The lawmakers also mandated its Committee on Tertiary Education and TETFUND, to engage the Federal Ministry of Education and stakeholders such as the Academic Staff Union of Universities (ASUU), with a view to reaching consensus on a harmonised fee for universities in Nigeria.

The resolutions followed a point of order raised by Abubakar Kyari (APC, Borno North). The senator bemoaned the recent decision by the UNIMAID management to increase the registration and other fees of the school from N25,000 to N129,000, an increase of over 400 per cent.

A document signed by the university’s registrar, Tijani Bukar, said the newly-introduced fees will take effect from the 2019/2020 academic session.

Some students and Civil Society Organisations have kicked against the university’s new directive.

Leading the motion, Mr Kyari said half of the men in North-East Nigeria have no education at all, and this figure rises to over 61 per cent for women.

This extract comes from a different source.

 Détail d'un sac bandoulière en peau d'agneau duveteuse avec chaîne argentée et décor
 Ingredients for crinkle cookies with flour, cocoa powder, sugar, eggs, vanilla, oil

“It is imperative that schools in the North-East should remain of strategic national interest with overwhelming national security importance,” he said.

The lawmaker said education remains a repellent and potent tool to defeat Boko Haram and also revamp the North East from underdevelopment and poverty. He said 62 per cent of Nigerian children who are not in school live in Northern Nigeria.

“Borno State has the highest number of people that don’t have access to education due to the Boko Haram crisis in particular.”

He, therefore, called on all stakeholders to rise to the occasion to ensure that the fee increment is reversed due to the greater need to propagate empowerment through education at tertiary levels.